What you will do: Please make an exact transcription of all the data that follows.
[[ Information provided, beginning ]]
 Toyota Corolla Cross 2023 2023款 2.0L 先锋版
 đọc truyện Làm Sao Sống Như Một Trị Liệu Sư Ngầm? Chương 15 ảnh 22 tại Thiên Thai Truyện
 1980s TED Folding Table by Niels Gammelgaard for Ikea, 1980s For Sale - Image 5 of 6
[[ Information provided, end ]]
Answer box:
 Toyota Corolla Cross 2023 2023款 2.0L 先锋版
 đọc truyện Làm Sao Sống Như Một Trị Liệu Sư Ngầm? Chương 15 ảnh 22 tại Thiên Thai Truyện
 1980s TED Folding Table by Niels Gammelgaard for Ikea, 1980s For Sale - Image 5 of 6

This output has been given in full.